Creating artificial twins, also known as virtual twins, through adoption is a bit of a sticky wicket in adoption circles. Artificial twinning means having two children in the family that are closer than could occur through birth where at least one child is adopted. This can happen through the adoption of two unrelated kids at the same time or through the adoption of one child that is close in age to a child already in the family through either birth or adoption. Melissa Fay Greene writes about her family’s experience with artificial twinning in her wonderful new book No Bike Riding in the House Without a Helmet when they adopted a preteen boy the same age as a son they had adopted a few years earlier. We talked about her experience on this week’s Creating a Family show. Creating a Family provides plenty or resources for those thinking about artificial twinning or those who are raising virtual twins.
- Creating a Family radio show where we interviewed experts on creating virtual twins and how to minimize the risks to the children and provide resources for families considering this option.
- Artificial Twinning/Virtual Twins page
- Chart on the Pros and Cons of Adopting More Than One at a Time
- Top Ten Tips for Parenting Artificial Twins (Virtual Twins) Through Adoption
A Virtual Twin’s Experience
Up until now, however, we haven’t heard from an adult who was raised as an artificial twin. As you probably know, I am a huge believer in listening to adult adoptees; however, I caution that no one adoptee speaks for the diverse whole. Below is one woman’s experience. Please share your experience as an adoptive parent or an adoptee with virtual twinning in the comments.
All my brother and I had as young children was each other.
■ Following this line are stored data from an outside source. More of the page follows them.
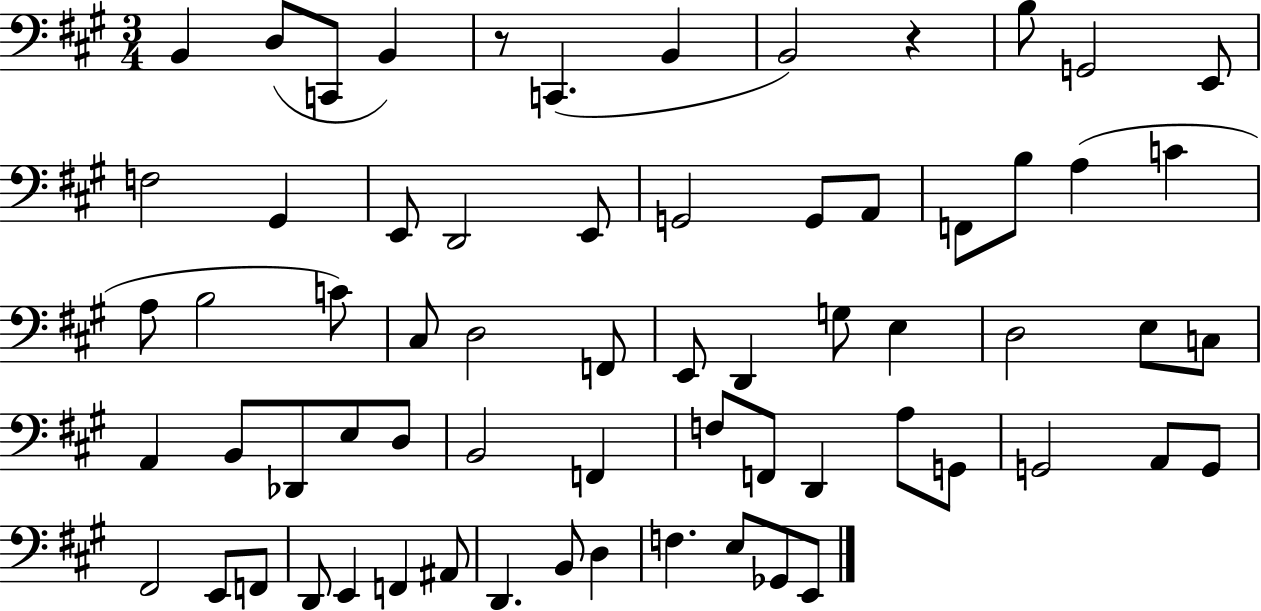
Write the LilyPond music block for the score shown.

{
  \clef bass
  \numericTimeSignature
  \time 3/4
  \key a \major
  b,4 d8( c,8 b,4) | r8 c,4.( b,4 | b,2) r4 | b8 g,2 e,8 | \break f2 gis,4 | e,8 d,2 e,8 | g,2 g,8 a,8 | f,8 b8 a4( c'4 | \break a8 b2 c'8) | cis8 d2 f,8 | e,8 d,4 g8 e4 | d2 e8 c8 | \break a,4 b,8 des,8 e8 d8 | b,2 f,4 | f8 f,8 d,4 a8 g,8 | g,2 a,8 g,8 | \break fis,2 e,8 f,8 | d,8 e,4 f,4 ais,8 | d,4. b,8 d4 | f4. e8 ges,8 e,8 | \break \bar "|."
}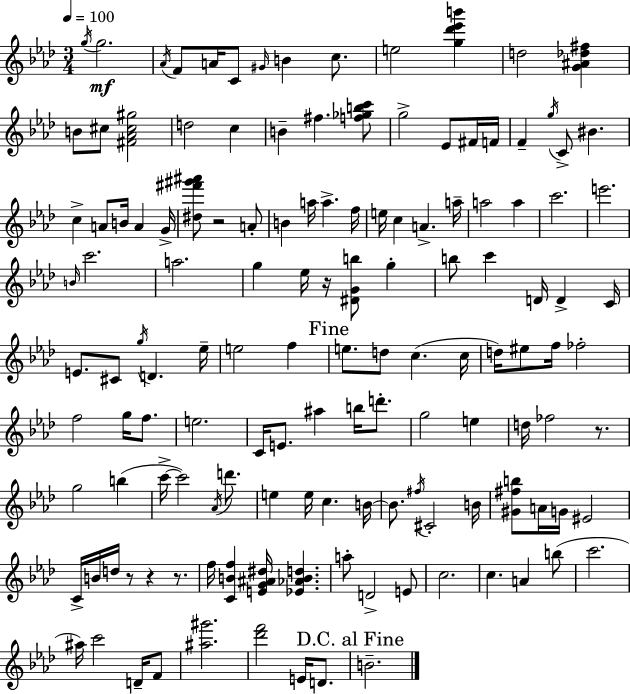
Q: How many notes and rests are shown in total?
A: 136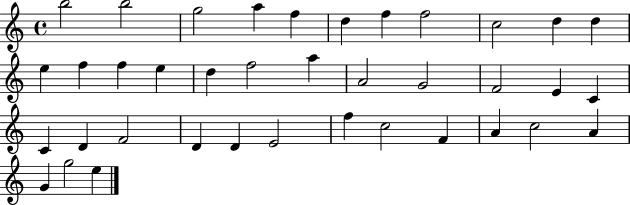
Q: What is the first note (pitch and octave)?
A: B5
At six years old, our adoptive parents divorced over dad’s alcoholism, which had resulted in domestic violence. My adoptive mother was raised in a strong religious family where children played such an important role in their beliefs. By all appearances only being able to conceive one much older bio son and then to adopt two babies so close in age was a desperate attempt to fix an already broken marriage. However, we shared a tight connection as brother and sister up until dad walked out of our lives.
Not that most adoptions start out like ours did or continue to get much worse, but it’s what I experienced from having a non-bio brother so close in age that might in some way help other adoptive parents.
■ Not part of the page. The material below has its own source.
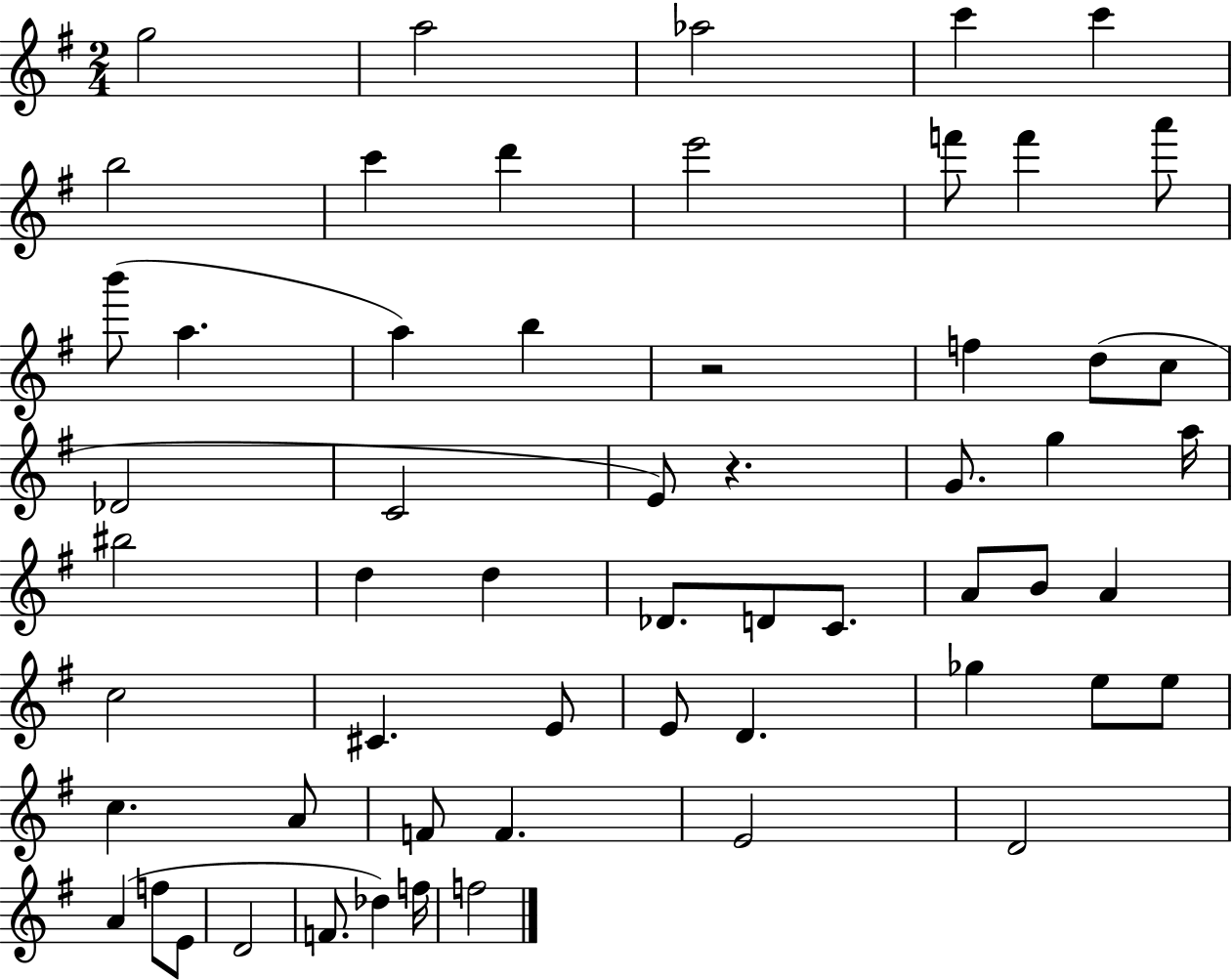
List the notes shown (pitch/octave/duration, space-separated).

G5/h A5/h Ab5/h C6/q C6/q B5/h C6/q D6/q E6/h F6/e F6/q A6/e B6/e A5/q. A5/q B5/q R/h F5/q D5/e C5/e Db4/h C4/h E4/e R/q. G4/e. G5/q A5/s BIS5/h D5/q D5/q Db4/e. D4/e C4/e. A4/e B4/e A4/q C5/h C#4/q. E4/e E4/e D4/q. Gb5/q E5/e E5/e C5/q. A4/e F4/e F4/q. E4/h D4/h A4/q F5/e E4/e D4/h F4/e. Db5/q F5/s F5/h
1. My adoptive brother and I were as different as night and day in every way possible. Being forced to tell anyone who asked that we were twins but had different birth dates caused a lot of unnecessary gossip and confusion as we got older. I still have friends from Junior High who ask me on Facebook if we were really twins. There is no simple explanation as to why I wouldn’t have been telling the truth.
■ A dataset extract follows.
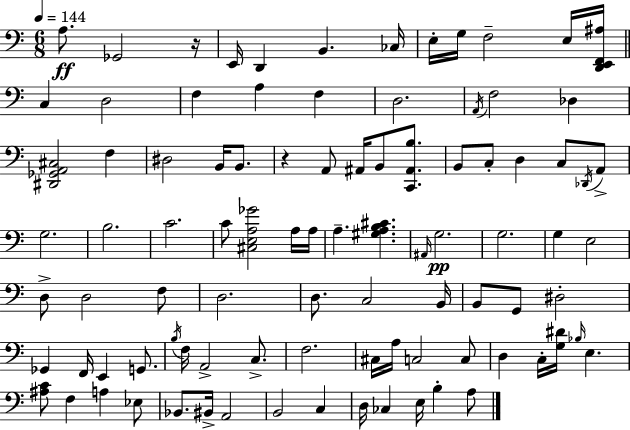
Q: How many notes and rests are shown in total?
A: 93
2. Until my 13th birthday, I remember only celebrating our birthdays together. There was nothing in our lives that represented each of us being unique and special. Mom would probably say it was done to not cause jealousy and was less work. My suggestion would be that if you are going to have one birthday party, to have a significant day set aside for each child that represents for example—the day you adopted your son or daughter. I remember with fondness my grandfather that lived out of state being able to randomly recite the date of my birthday and I wondered how that was possible when he had so many other grandchildren. He is the only relative or father figure that ever took me somewhere without my brother.
3. Looking back, I see where there were many times that my brother and I fed off of each other’s feelings/emotions, especially during the first six years of our lives. If he cried non-stop on the first day of kindergarten, I felt I must as well or vice versa. Although my brother was academically smarter than me if he had applied himself in school, I was more social and made friends easily. Our parents never focused on our strengths separately. Our identities were so closely meshed together that our individuality often got lost.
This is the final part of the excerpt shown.